I’m a bit of a Titanic buff.  I’ve read tons of books about it.  It all started in the 8th grade when my advanced English class did a unit about it for no reason I can discern.  But I was fascinated, we all were, and that was just about the time that the wreck was discovered by Robert Ballard.  And ever since, the Titaniacs (as they’re apparently called), both amateur and professional, have been arguing over how the ship broke up, what sunk it, why did it sink so fast, yadda yadda.  When That Movie came out in 1997, Cameron’s depiction of the sinking (a high-angle break, big drama) was reflective of the best theory of the time.  But that theory’s been cast into some doubt, largely because of the work described in this book which was done by the two wreck divers whose previous exploits were published in the Shadow Divers books and chronicled on TV on “Deep Sea Detectives.”

Their theory is that weaknesses in the hull caused by newly-designed expansion joints made the ship break in two at a much lower angle than the 45 degrees we tend to think of, as little as 11 degrees, which means the sinking would have occurred extremely fast when the ship was still pretty close to horizontal.  Huge pieces of the bottom of the ship (which the divers found among the wreckage) ripped away and the whole thing flooded like gangbusters, taking most people on board by surprise.  It’s a much more horrible situation than a high-angle break, wherein everyone could see what was happening.

The book is surprisingly heavy on history, but it’s a section of the ship’s history one doesn’t often see chronicled: its building and the politics around it, and the men who made it possible.  I was fascinated by this although not everybody would be.  I’d say only 40% of the book was about the current work and the dives to the wreck, and then the investigation.  Most of it was history.  Relatively little time is spent on the Titanic’s voyage and sinking (we know this ground pretty well already).

I love a book I can read in a day.  I love it when I have a day that I can just devote to reading.  Not terribly common these days.  So thanks for the quick, interesting read, guys.

Book #17: When She Was Good, by Philip Roth

Begun: 2/16/2011
Finished: 3/9/2011
Format: Paperback
Rating: 4/5

There’s an old metaphor about frogs and boiling water.  The saying goes that if you toss a frog into boiling water, it’ll jump right back out, but if you put a frog into cold water and gradually heat it up, the frog will let itself be boiled alive because it doesn’t realize what’s happening until it’s too late. Well, I am that frog, and this book was the water.

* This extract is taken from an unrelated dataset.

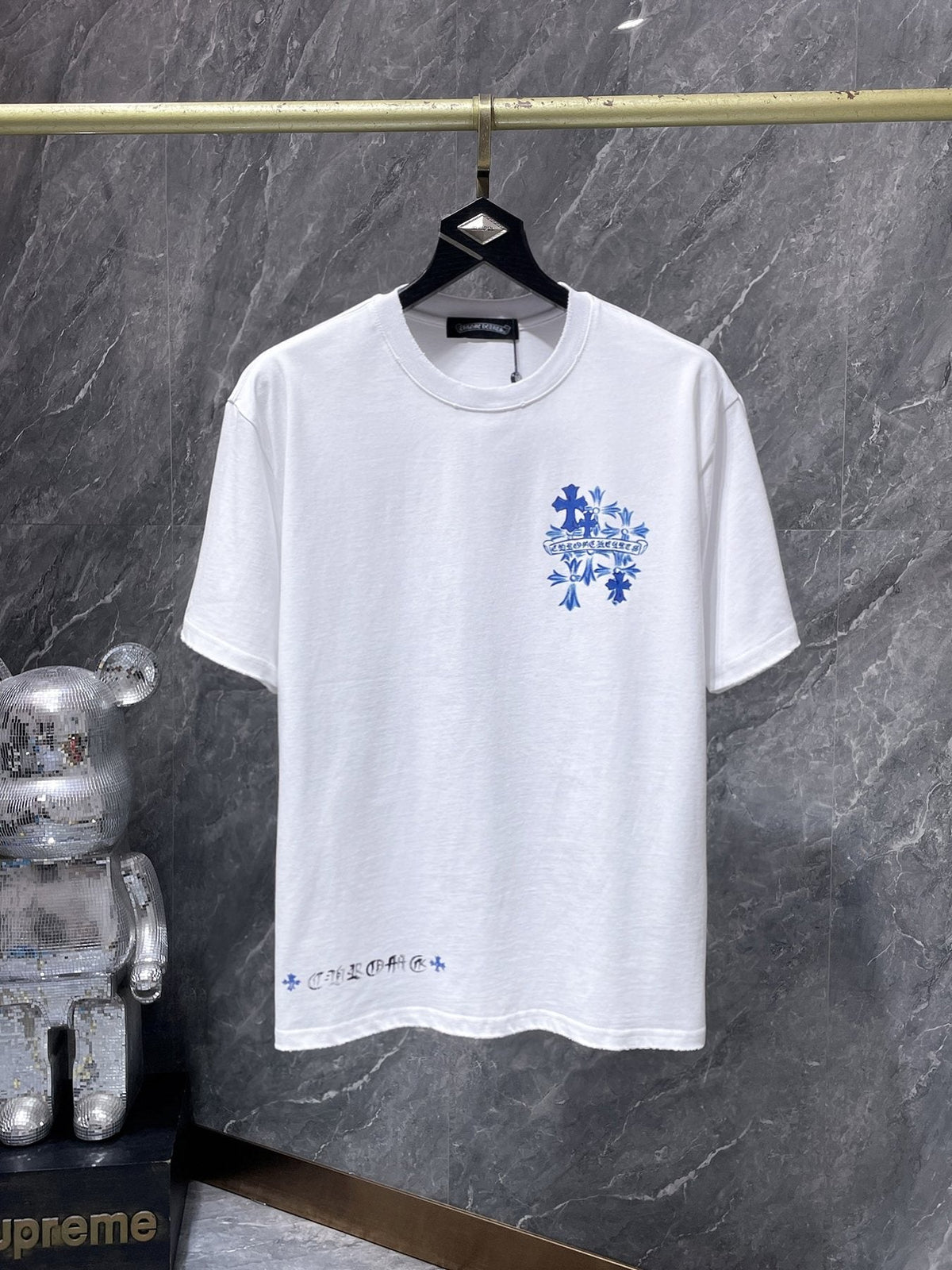 Chrome Hearts Cross Graffiti Graphic T-Shirt ¡ª front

In a post about a week ago I said that this book wasn’t particularly compelling and that I was just getting through it to make it to Portnoy’s Complaint.  And it starts out pretty innocuously.  A girl named Lucy Nelson hates her alcoholic father, who can’t seem to be responsible, resents her mother for staying with him, and passes judgment on everyone around her including her beloved grandfather and grandmother, at whose house she and her parents live.  The situation worsens as Lucy grows up, is impregnated by and marries Roy Brassart, and embarks on family life.

Lucy is for certain self-righteous all along, but as the story goes on and her personality becomes more and more polarized, I started to think damn, you cannot win with this woman.  Her husband is batted around in the eddies of her anger and moral outrage.  No one is safe from her judgment, and anyone who displeases her is unceremoniously cut off and declared an evil person.  It isn’t until the final twenty or so explosive pages that we see how deranged Lucy has truly become.

Roth has been accused many times of misogyny.  I don’t like to assign agendas to authors, I’d prefer for them just to show the characters they’re showing in all their flawed, crazy glory, but it bears mentioning that Lucy is Roth’s only female protagonist in thirty-nine novels, and his female characters rarely come off very well.  Then again, not many of the male characters come off very well, either.